Polska inteligencja wzmogła się, ponieważ z badań wynika, że 28% Polaków/Polek nie ma w domu ani jednej książki. Robię w

Remigiusz Okraska:

Polska inteligencja wzmogła się, ponieważ z badań wynika, że 28% Polaków/Polek nie ma w domu ani jednej książki. Robię w książkach, prasie, słowie pisanym od lat, czytam maniakalnie, trochę nie wyobrażam sobie, co to znaczy mieć dom bez książek i samego siebie też sobie nie wyobrażam bez książek, nie tylko mojej aktywności, ale i mojego mózgu czy tzw. refleksji i wrażliwości na przestrzeni lat. Znam też setki argumentów za zaletami czytania itp. I co z tego? No właśnie nic.

W wymiarze indywidualnym niewiele z tego wynika, tak jak niewiele wynika z wywodów, że tylko ileś tam procent Polaków/Polek uprawia regularnie sport, prowadzi tzw. zdrowy styl życia, ma hobby itd. Są przeróżne przyczyny i przeróżne preferencje, książki są fajne dla mnie, a dla ciebie nie muszą być fajne, tak jak dla mnie nie musi być fajne gotowanie, granie w szachy czy bieganie po parku. W wymiarze ponadjednostkowym też nic nie wynika z takich biadoleń, gdy nie towarzyszy im refleksja i solidnie postawione pytania: dlaczego? Może dlatego, że tak ludzi do książek zachęcano i zniechęcano na etapie edukacji? Może dlatego, że to kwestia pieniędzy? Może dlatego, że to kwestia niewielkiej ilości wolnego czasu i rzadko posiadanej tzw. spokojnej głowy? Może jeszcze czegoś innego, a zapewne tego i innych kwestii po trochu. Tyle że o tym się prawie nie mówi. Mówi się, a raczej regularnie biadoli, że źle, strasznie, hańba, za mało, upadek wszystkiego.

No więc trzeba sobie powiedzieć, że polska inteligencja to czasami ludzie szlachetni i fajni, ale ta sama polska inteligencja to nierzadko ludzie nadęci, uważający – zupełnie bezpodstawnie – swój świat i swoje aktywności za wzorzec dla innych, a z tego wzorca wyprowadzający przepis na budowanie własnej pozycji i z wyżyn tejże pozycji pohukujący na innych, że za mało, za słabo, za rzadko, źle, wszystko nie tak. Do tego m.in. służą książki. Ile kto napisał, ile przeczytał, ile opisał, ile ma w domu, ile na czytniku, ile upchnął u babci na strychu, bo już się nie mieściły, ile sfotografował i ile za to dostał lajków.

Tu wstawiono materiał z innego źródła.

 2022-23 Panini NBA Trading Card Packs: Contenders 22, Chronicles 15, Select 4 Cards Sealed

Te książki służą głównie za cokół, na którym stoi pomnik polskiego inteligenta, spoglądającego z góry na resztę i czasami popluwającego na nią.

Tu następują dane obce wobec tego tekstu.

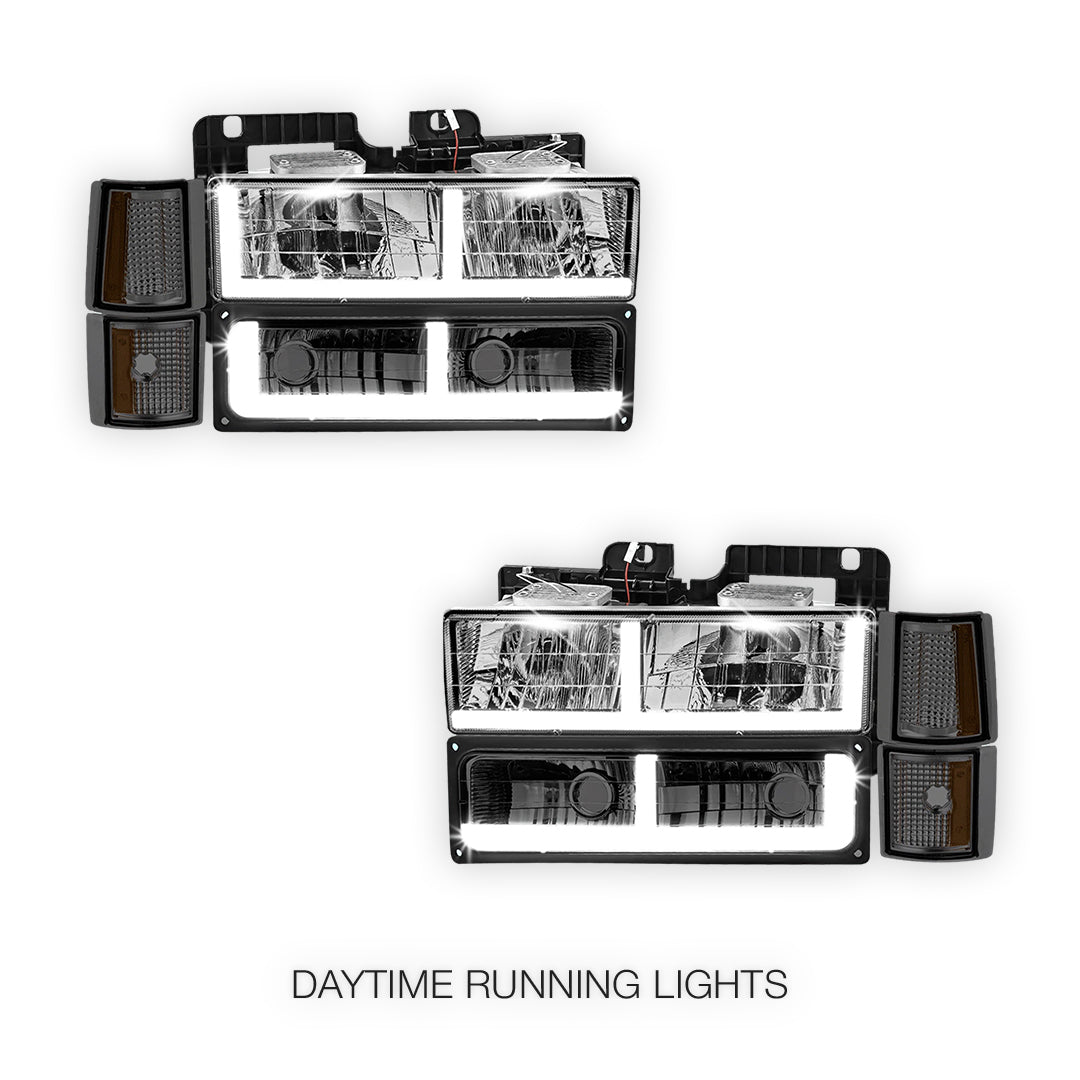 GMC K2500 Cheyenne / Scottsdale / SLE (1994 - 2000) F - LED Bar DRL Headlights LH + RH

Nie wiem, co to za książki i co to za wrażliwość, które nie wyleczyły z takich cech i postaw. Chyba słabe to książki lub nieuważnie czytane. Więc niewiele z nich wynika. I więcej nie znaczy lepiej, przykro mi. Zresztą z racji tego, że przebywam na pograniczu dwóch światów – tego, w którym czyta się mnóstwo, a w każdym razie na pokaz i ostentacyjnie, i tego, w którym książki nie są żadnym sztandarem lub po prostu czyta się ich mało – pozwolę sobie uważać, że nie ma wielkiej różnicy jakościowej między tymi dwoma grupami. Podłość, kłamstwo, cwaniactwo, bucowatość, egoizm i wiele innych złych, ale też i dobrych cech nie są wcale jakoś drastycznie odmiennie rozłożone w obu grupach. Nie wiem nawet, czy nie zaryzykowałbym tezy, że ci namiętnie czytający i afiszujący się z czytaniem robią trochę więcej świństw i głupstw, tyle że sprawniej i ładniej, bo krasomówczo, z nich się usprawiedliwiają i takie postawy maskują. Bo z książek nauczyli się pięknych gadek.

A koniec końców uważam, że to pomstowanie na "ciemniaków", to najlepszy sposób, żeby ich do książek jeszcze bardziej zniechęcić. Mnie by zniechęciło. Na złość temu nie czytałbym. Albo mówił ankieterom, że nie czytam. I śmiał się w kułak z inteligenckiego rozdzierania szat.